Imaging and Development
[0127] The imageable elements of this invention can have any useful
form including, but not limited to, printing plate precursors,
printing cylinders, printing sleeves and printing tapes (including
flexible printing webs). For example, the imageable members are
lithographic printing plate precursors for forming lithographic
printing plates.
[0128] Printing plate precursors can be of any useful size and
shape (for example, square or rectangular) having the requisite
imageable layer disposed on a suitable substrate. Printing
cylinders and sleeves are known as rotary printing members having
the substrate and imageable layer in a cylindrical form. Hollow or
solid metal cores can be used as substrates for printing
sleeves.
[0129] During use, the imageable elements are exposed to a suitable
source of radiation such as UV, visible light, or infrared
radiation, depending upon the radiation absorbing compound present
in the radiation-sensitive composition, at a wavelength of from
about 150 to about 1500 nm. For most embodiments, imaging is
carried out using an infrared laser at a wavelength of from about
700 to about 1200 nm. The laser used to expose the imaging member
can be a diode laser, because of the reliability and low
maintenance of diode laser systems, but other lasers such as gas or
solid-state lasers may also be used. The combination of power,
intensity and exposure time for laser imaging would be readily
apparent to one skilled in the art. Presently, high performance
lasers or laser diodes used in commercially available imagesetters
emit infrared radiation at a wavelength of from about 800 to about
850 nm or from about 1060 to about 1120 nm.

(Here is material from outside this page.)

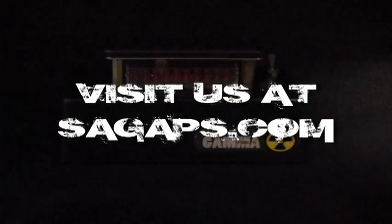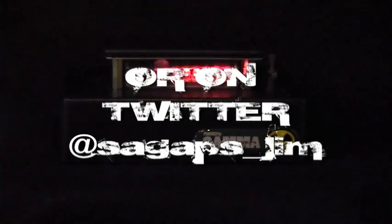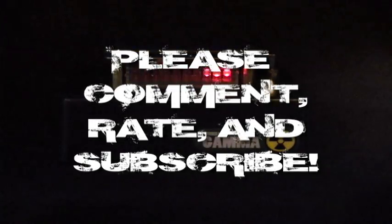If you enjoyed this video, please feel free to rate, subscribe, and I'll see you in the next video.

[0130] The imaging apparatus can function solely as a platesetter
or it can be incorporated directly into a lithographic printing
press. In the latter case, printing may commence immediately after
imaging, thereby reducing press set-up time considerably. The
imaging apparatus can be configured as a flatbed recorder or as a
drum recorder, with the imageable member mounted to the interior or
exterior cylindrical surface of the drum. A useful imaging
apparatus is available as models of Creo Trendsetter.RTM.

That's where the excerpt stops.